- Your goal
With every picture left out, restate the listing below exactly as written.

- Dataset extract

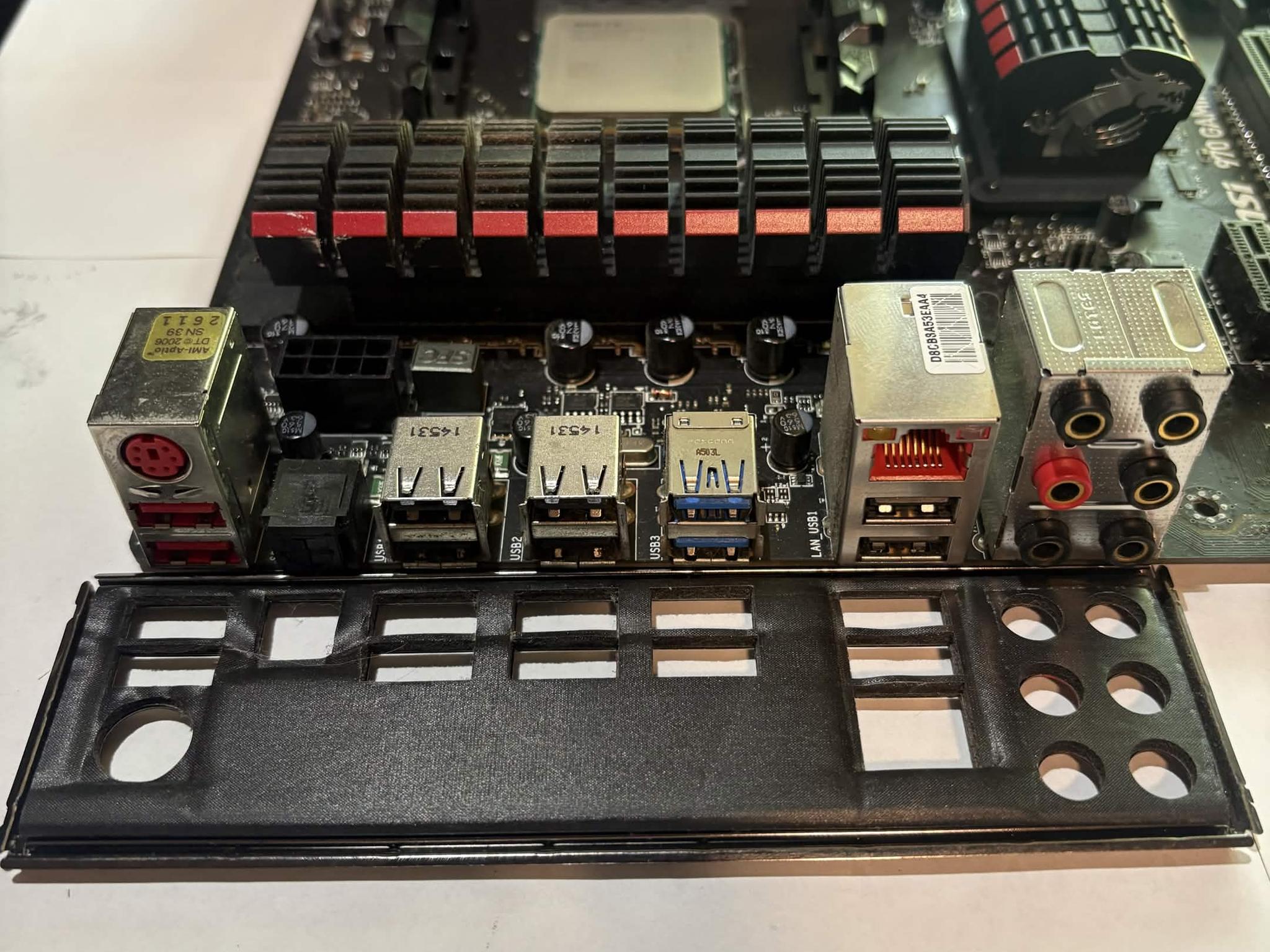 MSI 970 Gaming AM3+ Motherboard Combo FX-8320 CPU Kingston RAM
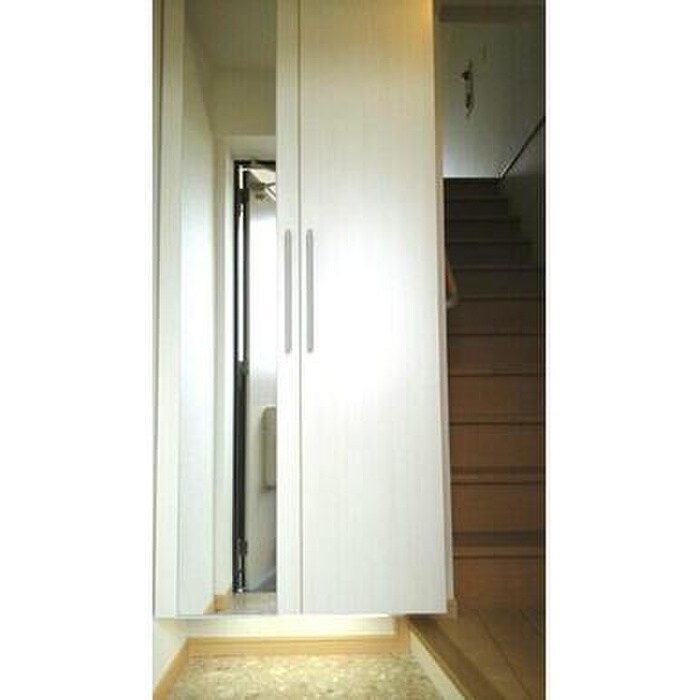 物件内観写真16　(玄関)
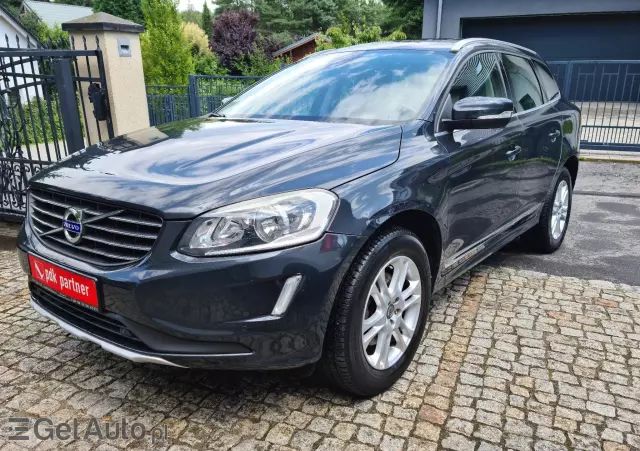 VOLVO XC 60 Momentum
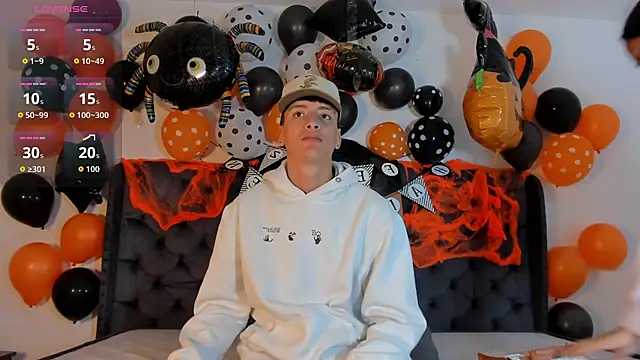 Snapshot of two_milkyway chatting on 10.15.25 two milkyway online show from 10.15.25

- Response area
 MSI 970 Gaming AM3+ Motherboard Combo FX-8320 CPU Kingston RAM
 物件内観写真16　(玄関)
 VOLVO XC 60 Momentum
 Snapshot of two_milkyway chatting on 10.15.25 two milkyway online show from 10.15.25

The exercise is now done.